Cities like Rochester are really being proactive in thinking about equity, inclusion diversity and how to enable more marginalized communities to have access to prosperity and opportunity. The vacancy that is being created represents an opportunity to introduce communities that have not otherwise had a presence in our Downtown. Perhaps creating some pop-up restaurants and retail space for minority-owned businesses that maybe never had a Downtown presence to introduce their food to the commuter community, to visitors. Maybe eventually that leads them to having a brick-and-mortar space Downtown. It represents a pretty exciting opportunity for cities like ours that really want to democratize the prosperity that is happening. 

One of the things that we did pre-pandemic, that has become an important building block post-pandemic, is being intentional about ensuring that women and minority-owned contractors, construction workers, professional architects and designers have an opportunity to win the work that is going on. 

Recognizing that there is going to be nearly $6 billion of construction here, we knew this presented a huge opportunity to grow and diversify the construction industry. We set targets for participation of  women and minority-owned businesses in the construction trades on DMC projects.  In order to reach and exceed these targets, we tried to understand and address the obstacles these businesses face.

Here’s what we learned.  Many are very small.

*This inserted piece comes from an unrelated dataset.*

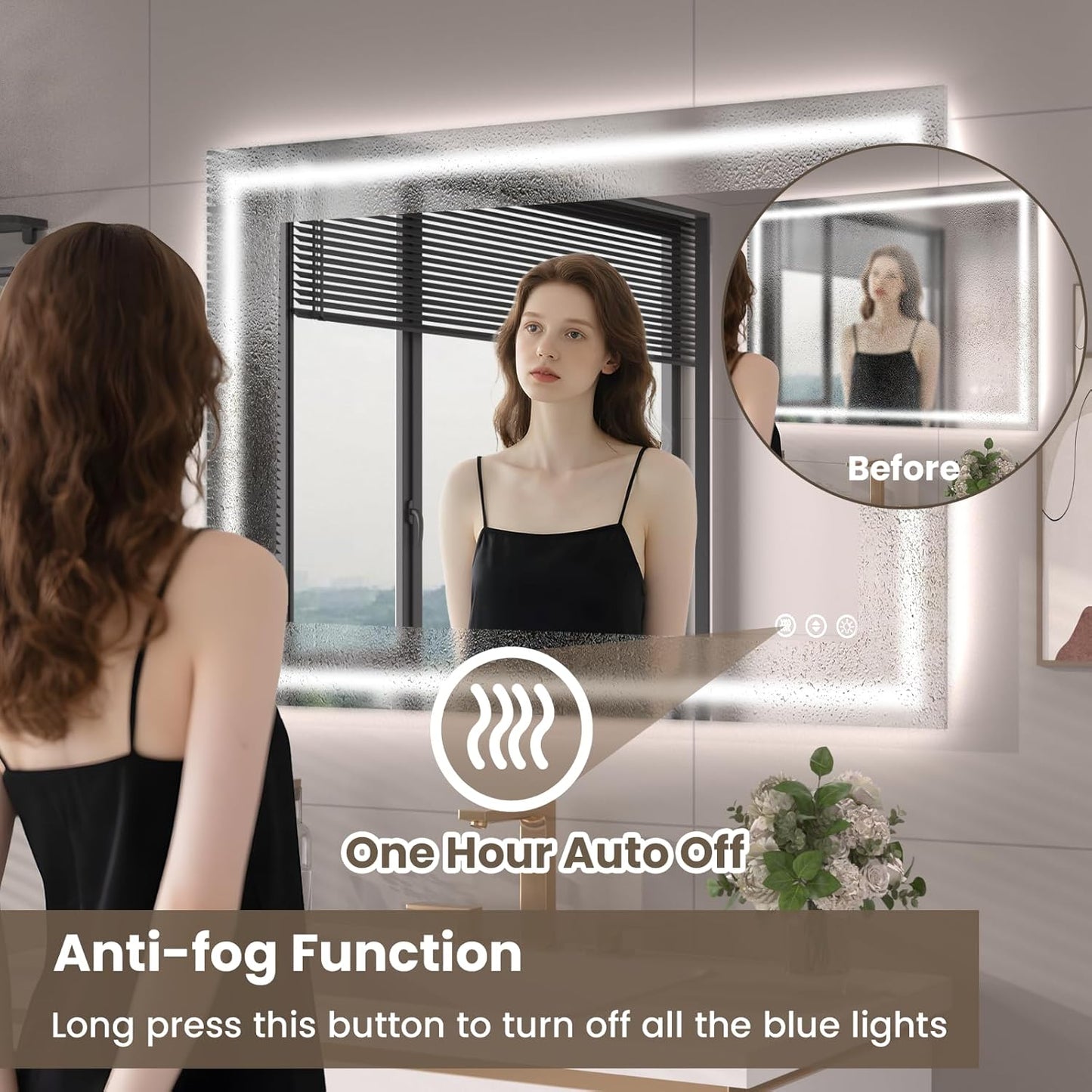 32"X32" LED Bathroom Mirror with Front Lights and Backlit, Anti-Fog, Dimmable, Shatter-Proof Tempered Glass, Lighted Bathroom Vanity Mirror for Wall with 3 Colors, Memory Function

They are startups. They do not have a multigenerational background. They don’t have deep pockets or long-established business networks.  

We found a way to break up the construction contracts into smaller pieces, so that the smaller companies, oftentimes women and minority-owned companies, have a better chance to win those bids and win those contracts because they could not afford the insurance or they lacked the track record to be able to win an entire $40 million project, for example. But maybe they could win the $200,000 flooring contract, or a piece of it. And we incentivized established contractors to bring in women and minority owned businesses on their teams as subcontractors.

What is your outlook for 2022? 

I’m very optimistic. After all, Rochester is America’s City for Health. Never before has this been more important.

People are looking for communities with high vaccination rates, a culture of public health safety, access to public spaces, quality health care, clean air, and great job opportunities. We check all of those boxes.

And we are a city of innovation. 

When you combine all of this, I see a future where we are home to the start-up of the next national food chain—focusing on healthy food.  Or the place you will come for cutting edge prosthetics or wheelchairs and mobility devices that connect with Google maps, I can see fashion designers working with tech and AI experts to design clothing with embedded health technology. We will be a test site for infrastructure ideas that promote, measure, and gamify physical activity.

The promise of DMC is to help transform Rochester. The opportunity is to help transform America.